高橋さんは泊浜漁港に近い釣り宿のご主人で、大震災発生以来地域再生のため獅子奮迅の大活躍をしてきた地方自治の鑑のような友人だ。
中学卒業以来、南氷洋の捕鯨、サケ・マスの遠洋、サンマ、カツオ、ヒラメなどの近海、ワカメ、アワビ、ウニなどの沿岸と、漁業万般に長けた高橋さんの懐の深い人生譚は、いつ聞いても心を打つ。 私が晩節に出会った最高の友人だ。
高橋さんの釣り宿で男女20名ほどの学生たちと同宿した。
話を聞くと、関西の某国立大の教育学部の学生で、歌津地区の小学校数校の子供たちの夏休み補習授業を約一週間にわたって行っているとのこと。
大震災後の児童たちの学力低下を補うため発生直後の夏から9年間続けているそうで、担当教授の指導の下、先輩たちを引き継いでのボランティア活動だ。

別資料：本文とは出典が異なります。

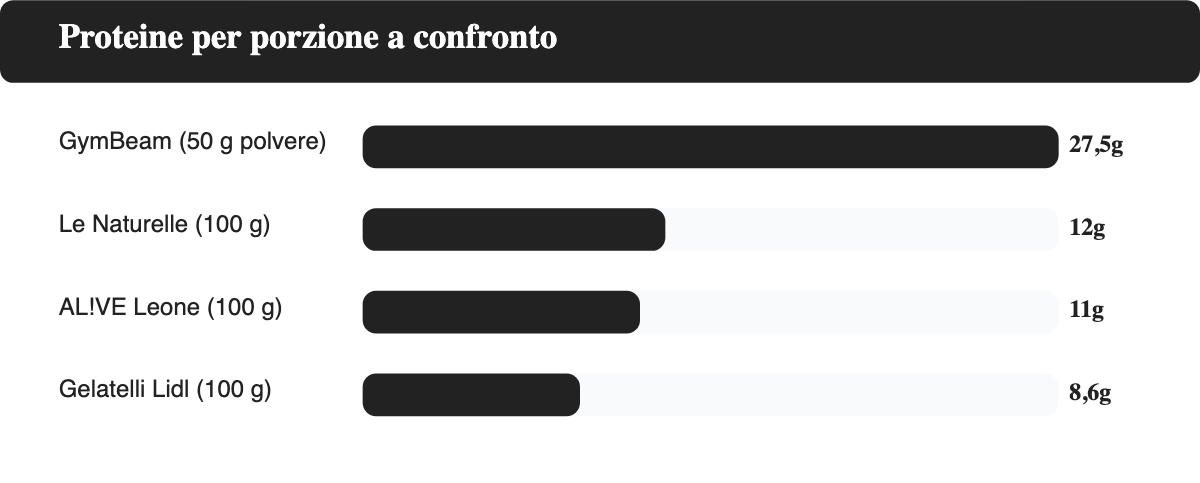 Confronto delle proteine per porzione dichiarata tra GymBeam (27,5 g), Le Naturelle (12 g), AL!VE Leone (11 g) e Gelatelli Lidl (8,6 g)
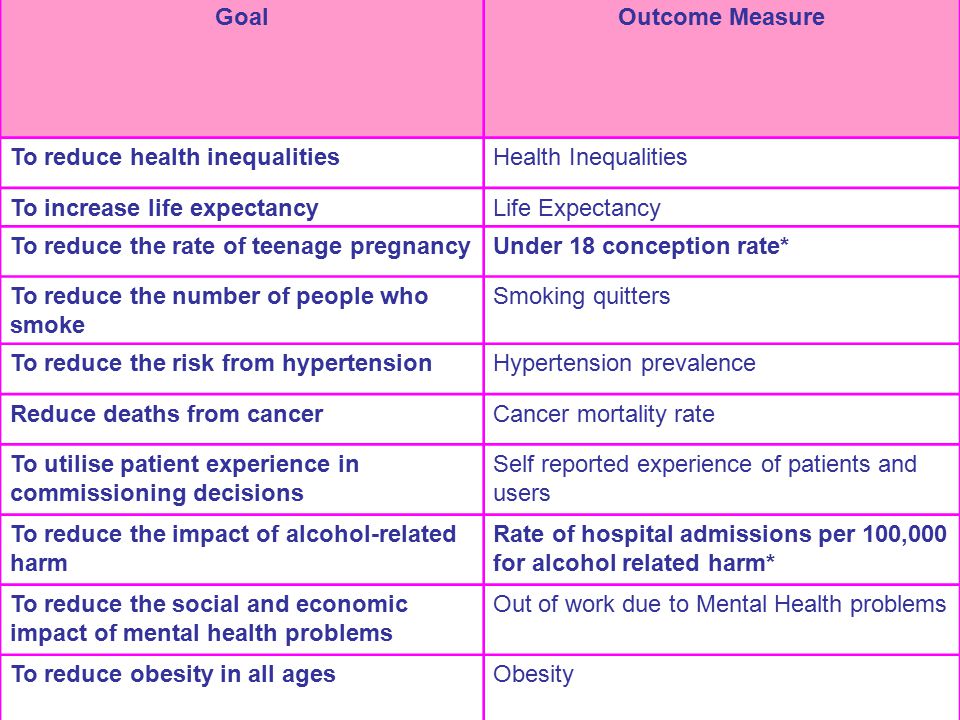 GoalOutcome Measure To reduce health inequalitiesHealth Inequalities To increase life expectancyLife Expectancy To reduce the rate of teenage pregnancyUnder 18 conception rate* To reduce the number of people who smoke Smoking quitters To reduce the risk from hypertensionHypertension prevalence Reduce deaths from cancerCancer mortality rate To utilise patient experience in commissioning decisions Self reported experience of patients and users To reduce the impact of alcohol-related harm Rate of hospital admissions per 100,000 for alcohol related harm* To reduce the social and economic impact of mental health problems Out of work due to Mental Health problems To reduce obesity in all agesObesity
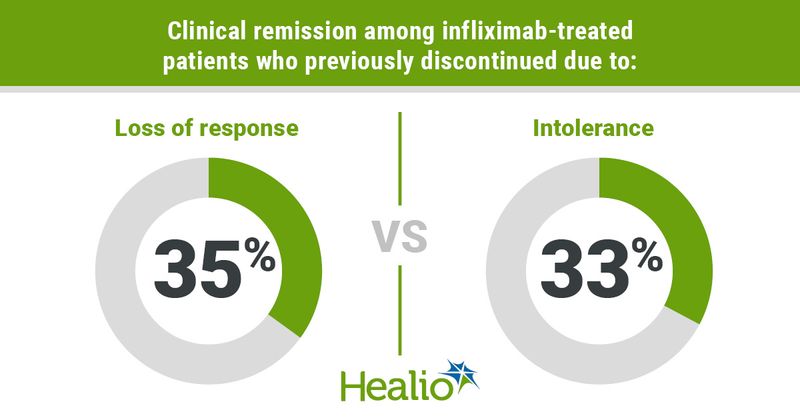 Clinical remission among infliximab-treated patients who previously discontinued 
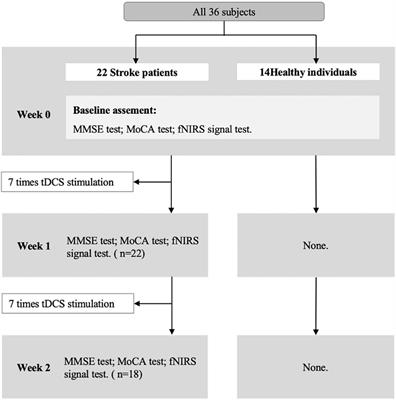 Increased both cortical activation and functional connectivity after transcranial direct current stimulation in patients with post-stroke: A functional near-infrared spectroscopy study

私もこの9年間被災地で支援活動に汗を流している多くの若者たちと出会ったが、今回も学生たちの清々しい笑顔を見ながら、「こんな若者たちがいる日本も捨てたもんじゃあないな。」と改めて実感した。
「新現役ネット」の加藤タキ副理事長から頂いた言葉、<できる人が、できることを、できるだけやる>を思い起こさせる若者たちに出会ったことはこの夏のとてもうれしい出来事で、老骨鞭打っての私たちのささやかな支援活動への励ましにもなった。
夜半の釣り宿の枕元で海鳴りを聞きながら、この9年間、歌津で出会ったさまざまな人たちに想いを馳すキネマスキーだった。